Wednesday, April 20, 2022

MedTech + Arts

It is fascinating to observe the parabola of the dichotomy between arts and sciences through the lenses of medicine. How technologies were introduced in hospitals only relatively recently, at the beginning of the 20th century, because of the notion of medicine regarded as an art capable of successfully being carried out exclusively by hand. Technology was seen as a hindrance that would get in the way of doctors’ “supreme” and “artistic” abilities (Vesna). Fast forward a hundred years, technology is now the medium through which art is expressed in medicine.

Depiction of Past Medical Dissection

Modern examples include the not so modern plastic surgery. Although, the latter has been around for more than 4,000 years, the wars of the previous century made plastic surgery necessary.

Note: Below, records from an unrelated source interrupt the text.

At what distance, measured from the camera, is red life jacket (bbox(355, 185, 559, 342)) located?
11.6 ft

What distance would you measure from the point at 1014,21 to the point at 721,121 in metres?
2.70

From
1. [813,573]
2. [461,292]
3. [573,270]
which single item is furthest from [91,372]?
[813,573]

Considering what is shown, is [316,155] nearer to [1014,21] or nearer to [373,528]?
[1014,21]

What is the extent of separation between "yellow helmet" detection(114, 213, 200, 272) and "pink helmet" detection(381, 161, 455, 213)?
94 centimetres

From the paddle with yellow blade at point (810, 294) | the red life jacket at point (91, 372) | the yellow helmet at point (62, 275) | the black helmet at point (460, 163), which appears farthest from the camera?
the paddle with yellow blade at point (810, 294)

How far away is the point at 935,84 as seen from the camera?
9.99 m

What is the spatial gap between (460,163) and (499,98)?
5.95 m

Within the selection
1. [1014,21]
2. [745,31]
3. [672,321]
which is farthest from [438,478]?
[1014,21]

Today, as we adopt plastic surgery almost playfully, many artists have decided to implement these practices in their artworks, trying to engage in a debate about beauty standards and ageing. French Artist Orlan, for instance, through what she defines as “carnal art”, questions the social phenomena of our time talking about how much we truly are in control of how we look.


                        Orlan while performing

Additionally, the modern connotation and domain of medicine is purely scientific. As a result scientific and technological discourse go hand in hand.

The fast-changing technology-based relationship between arts and sciences is therefore inevitable. Peter Tyson, in his article “The Hippocratic Oath Today”, conveys precisely this idea through the example of the, once binding now increasingly less so, Hippocratic Oath. The latter, through the years, has been adapted to modern needs, making many purists turn up their noses. The reality is that the Oath “is inadequate to address the realities of a medical world that has witnessed huge scientific, economic, political, and social changes” (Tyson).


Finally, this week’s topic has allowed me to further learn about the intrinsic influence of science in many artistic fields. Firstly, Ingber’s “The Architecture of Life” guided me through the concept of Tensegrity: the architectural system in which structures stabilize themselves by balancing the counteracting forces of compression and tension, giving shape and strength to both natural (our cells) and artificial forms (building and sculptures). Lastly, my compatriot, Silvia Casini, put me into a different perspective mentioning how the useful resource of Magnetic Resonance Imaging is truthfully so much more, as she defines it as technology that “has a look in the same way that the portrait has— that is, it has the capacity of being performative, thus resisting its being regarded as a transparent window onto the self” (Casini 73). 


Buckminster Fuller holds a Tensegrity Sphere





Citations: 


Vesna, Victoria. Lecture Videos Week 4. Canvas, 2022.


Orlan. https://en.wikipedia.org/wiki/Orlan - http://www.orlan.eu


Tyson, Peter. “Hippocratic Oath Today”. Nova, 2016. 


Ingber, Donald. “The Architecture of Life”. Scientific American Inc., 1998, page 49. 


Casini, Silvia. “Magnetic Resonance Image (MRI) as Mirror and Portrait: MRI Configurations between Science and the Arts”. John Hopkins University Press and the Society for Literature and Science, Configurations, 2011, page 73.